DS4N6 Blog >> Threat Hunting with ML - Part 4 - T1053.005 / Scheduled Tasks Anomaly Detection with an Autoencoder

Threat Hunting with ML - Part 4 - T1053.005 / Scheduled Tasks Anomaly Detection with an Autoencoder

[27/05/21] May 27, 2021
Jess Garcia - One eSecurity
Twitter: j3ssgarcia - LinkedIn: garciajess

[ Full blog post series available here ]

In previous parts of this blog post series we introduced our objective: trying to detect malicious activity through anomaly detection via machine learning. We also defined a specific use case: detecting the Solarwinds/Sunburst Campaign intrusion without IOCs, specifically via the detection of its malicious scheduled task. And to end up with, we also explained the forensic artifacts associated with scheduled tasks activity.

In this post we will introduce the Autoencoder, a neural network architecture which is very effective detecting anomalies.

What is an Autoencoder and How Does It Work?

As discussed in Part 1 of this blog post series, the Autoencoder model is one of the most efficient and convenient for Anomaly Detection. But, what is an Autoencoder?

An autoencoder is a type of artificial neural network used to learn efficient data codings in an unsupervised manner. The aim of an autoencoder is to learn a representation (encoding) for a set of data, typically for dimensionality reduction, by training the network to ignore signal “noise”. Along with the reduction side, a reconstructing side is learned, where the autoencoder tries to generate from the reduced encoding a representation as close as possible to its original input, hence its name.^{[ 1 ]}

Or, to express it in a simpler more graphical way:

The Autoencoder will read inputs of a certain type, let's say cats.
By ignoring “noise” (i.e. minor cat details) it wil get to learn the “essence” of what a cat is in its middle layer.
When you provide a specific entry (a specific cat) as input to the Autoencoder, by using that “cat essence” it will try to reproduce the original input cat in the output.
The Autoencoder will provide you the error (loss or cost) of the operation, that is, how different the reconstructed cat is from the original cat.
If the loss is low, this means that the model has been able to properly reconstruct the original input cat in the output by using the “cat essence”. In other words, the input cat is similar, in essence, to the cats the neural network has seen before.
If the loss is high, this means that the model has not been able to properly reconstruct the original input cat in the output by using the “cat essence”. In other words, the input is different to the cats the neural network has seen before (it may be a strange type of cat that the network has not seen before or a not a cat at all).

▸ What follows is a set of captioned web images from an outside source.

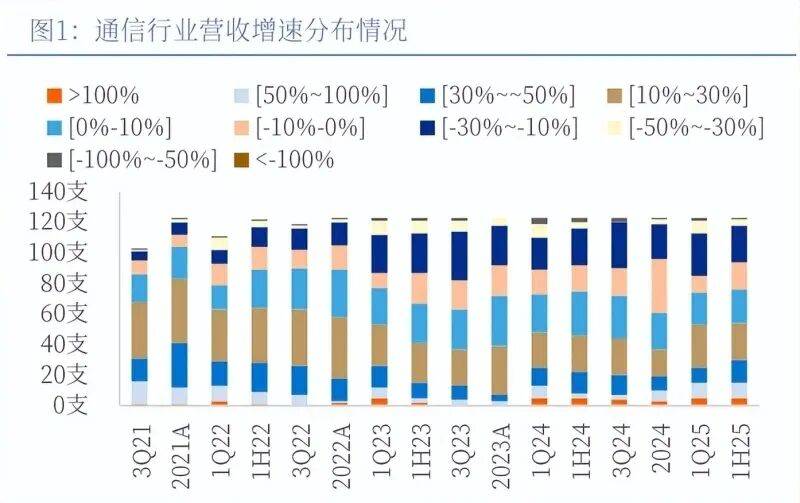 人保财险政银保 ,人保财险 _“十五五”数控刀具行业全景：政策赋能、市场爆发与投资路径
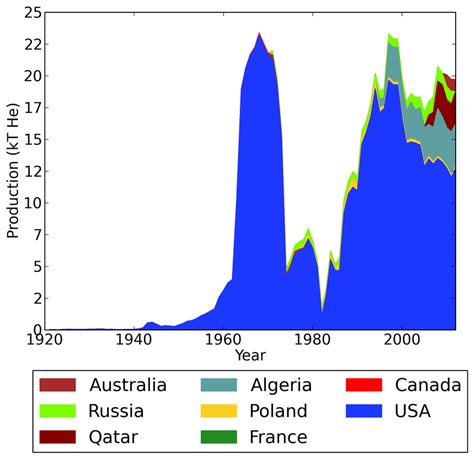 Helium production for the world by country. | Download Scientific Diagram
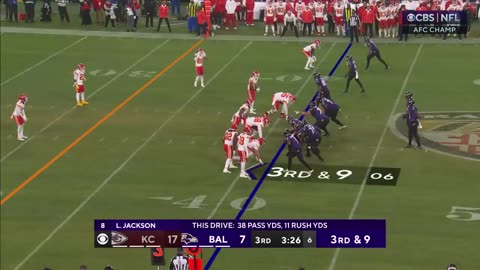 Kansas City Chiefs vs. Baltimore Ravens Game Highlights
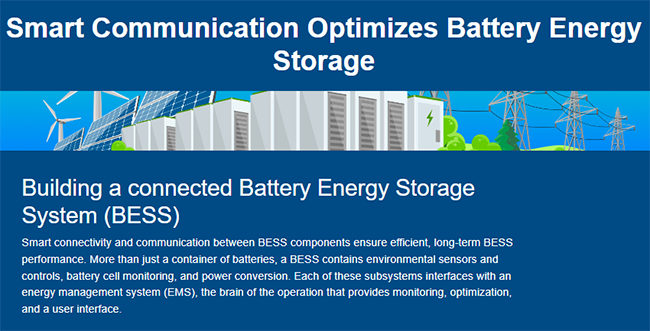 Infografik - Advantech ICR-3200 Industrie-IoT-LTE-Router und -Gateway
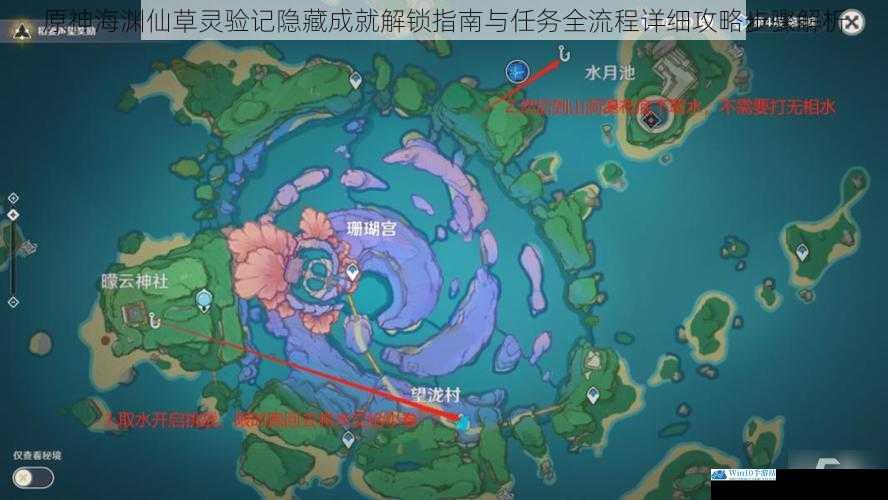 原神海渊仙草灵验记隐藏成就解锁指南与任务全流程详细攻略步骤解析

The most useful thing for us is that the reconstruction error, the loss, is a value that we can use to differentiate how different (anomalous) each input object is.

There is a loss value per input entry (per input cat), so:

The “normal” objects (the most common cats), the ones the neural network is most familiar with, will have the lowest loss.
The not-so-common objects (“strange” cats) will have a loss in the middle of the spectrum.
The most anomalous entries (elephant) are the ones with the highest loss.

As a summary, an Autoencoder has the capability to detect anomalies in a dataset. For each input object we present to the Autoencoder, it will give us a measure of how anomalous it is (different than the rest of the objects it has seen before).

If, instead of finding anomalous cats what you want is to find anomalous Scheduled Tasks events, you would provide the different evtx fields as input:

The neural network will learn the “essence” of Scheduled Tasks events, and it will return the loss (reconstruction error) of each input event, in other words, how anomalous each event is when compared with the rest of the dataset previously presented to the neural network.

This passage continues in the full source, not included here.